Implementation:Vllm project Vllm CPU Types Scalar
| Knowledge Sources | |
|---|---|
| Domains | CPU_Inference, Portability |
| Last Updated | 2026-02-08 00:00 GMT |
Overview
Provides scalar (non-SIMD) fallback implementations of vector types for platforms without hardware SIMD support, maintaining API compatibility with the vectorized backends.
Description
This header implements the same vector type interfaces (FP16Vec8, FP16Vec16, BF16Vec8, BF16Vec16, BF16Vec32, FP32Vec4, FP32Vec8, FP32Vec16) as the SIMD-optimized headers but uses plain C arrays and scalar loop-based arithmetic.
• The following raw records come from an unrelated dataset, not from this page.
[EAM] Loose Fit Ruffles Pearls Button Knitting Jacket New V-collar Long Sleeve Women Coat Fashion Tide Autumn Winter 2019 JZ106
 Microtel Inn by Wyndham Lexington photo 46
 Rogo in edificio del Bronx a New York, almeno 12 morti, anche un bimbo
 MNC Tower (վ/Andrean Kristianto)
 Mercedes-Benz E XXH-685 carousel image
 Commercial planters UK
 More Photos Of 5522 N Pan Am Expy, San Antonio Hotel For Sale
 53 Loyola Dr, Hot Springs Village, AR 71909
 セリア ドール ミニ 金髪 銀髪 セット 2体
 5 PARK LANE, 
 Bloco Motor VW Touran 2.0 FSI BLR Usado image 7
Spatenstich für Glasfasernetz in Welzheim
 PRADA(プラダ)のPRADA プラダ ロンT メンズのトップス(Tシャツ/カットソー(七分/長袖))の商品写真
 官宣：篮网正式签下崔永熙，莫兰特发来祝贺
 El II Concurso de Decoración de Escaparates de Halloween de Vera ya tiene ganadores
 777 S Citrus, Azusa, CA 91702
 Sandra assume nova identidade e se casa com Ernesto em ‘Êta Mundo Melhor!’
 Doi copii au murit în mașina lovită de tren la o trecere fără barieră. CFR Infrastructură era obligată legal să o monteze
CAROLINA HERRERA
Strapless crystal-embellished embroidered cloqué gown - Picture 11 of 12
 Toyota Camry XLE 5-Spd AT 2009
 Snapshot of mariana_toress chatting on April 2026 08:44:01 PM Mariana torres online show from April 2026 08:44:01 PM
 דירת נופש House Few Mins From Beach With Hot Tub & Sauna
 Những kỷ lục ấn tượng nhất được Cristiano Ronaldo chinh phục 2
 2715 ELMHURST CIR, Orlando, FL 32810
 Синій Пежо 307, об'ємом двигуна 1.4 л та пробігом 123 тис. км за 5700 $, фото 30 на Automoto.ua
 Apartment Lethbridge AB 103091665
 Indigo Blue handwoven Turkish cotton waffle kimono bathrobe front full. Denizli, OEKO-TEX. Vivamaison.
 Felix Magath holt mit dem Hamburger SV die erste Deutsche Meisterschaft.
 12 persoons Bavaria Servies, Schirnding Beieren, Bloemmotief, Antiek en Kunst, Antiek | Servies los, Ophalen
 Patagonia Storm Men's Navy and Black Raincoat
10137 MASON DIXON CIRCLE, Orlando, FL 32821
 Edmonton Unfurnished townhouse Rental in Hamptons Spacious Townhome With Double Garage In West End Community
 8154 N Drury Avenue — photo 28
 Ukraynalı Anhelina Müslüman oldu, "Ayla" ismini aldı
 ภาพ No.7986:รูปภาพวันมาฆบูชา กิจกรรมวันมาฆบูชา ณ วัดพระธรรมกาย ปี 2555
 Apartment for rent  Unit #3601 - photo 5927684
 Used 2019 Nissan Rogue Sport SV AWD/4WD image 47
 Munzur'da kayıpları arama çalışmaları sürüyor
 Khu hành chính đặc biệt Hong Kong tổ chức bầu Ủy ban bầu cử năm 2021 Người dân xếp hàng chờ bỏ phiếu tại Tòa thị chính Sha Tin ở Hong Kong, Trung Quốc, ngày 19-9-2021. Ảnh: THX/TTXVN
Each struct stores its elements in fixed-size arrays (e.g., f16x8_t, f32x16_t) and provides load, save, and arithmetic operations via element-wise scalar loops with compile-time unrolling. It includes software float16/bfloat16 conversion routines from float_convert.hpp.
Usage
This header is selected at compile time when no supported SIMD instruction set is available on the target platform. It ensures that vLLM can compile and run on any CPU architecture, albeit with reduced performance compared to SIMD-optimized paths.
Code Reference
Source Location
- Repository: vllm
- File: csrc/cpu/cpu_types_scalar.hpp
- Lines: 1-465
Signature
namespace vec_op {
struct FP16Vec8 : public Vec<FP16Vec8> {
constexpr static int VEC_ELEM_NUM = 8;
f16x8_t reg;
explicit FP16Vec8(const void* ptr);
explicit FP16Vec8(const FP32Vec8&);
void save(void* ptr) const;
};
struct BF16Vec16 : public Vec<BF16Vec16> {
constexpr static int VEC_ELEM_NUM = 16;
f16x16_t reg;
explicit BF16Vec16(const void* ptr);
explicit BF16Vec16(const FP32Vec16&);
void save(void* ptr) const;
void save(void* ptr, const int elem_num) const;
};
struct FP32Vec16 : public Vec<FP32Vec16> {
constexpr static int VEC_ELEM_NUM = 16;
f32x16_t reg;
explicit FP32Vec16(const void* ptr);
explicit FP32Vec16(float v);
FP32Vec16 operator*(const FP32Vec16&) const;
FP32Vec16 operator+(const FP32Vec16&) const;
FP32Vec16 operator-(const FP32Vec16&) const;
};
} // namespace vec_op
Import
#include "cpu/cpu_types_scalar.hpp"
I/O Contract
Inputs
| Name | Type | Required | Description |
|---|---|---|---|
| ptr | const void* | Yes | Pointer to source data for vector load operations |
| v | float | No | Scalar value to broadcast across all vector elements |
| elem_num | int | No | Number of elements for partial save operations |
Outputs
| Name | Type | Description |
|---|---|---|
| Vector struct | FP32Vec16, BF16Vec16, etc. | Scalar-emulated vector containing computed elements in a fixed-size array |
Usage Examples
// Load 16 floats from memory using scalar fallback
vec_op::FP32Vec16 vec(input_ptr);
// Scalar element-wise multiply
vec_op::FP32Vec16 result = vec * scale_vec;
// Convert FP32 to BF16 (scalar conversion) and save
vec_op::BF16Vec16 bf16_result(result);
bf16_result.save(output_ptr);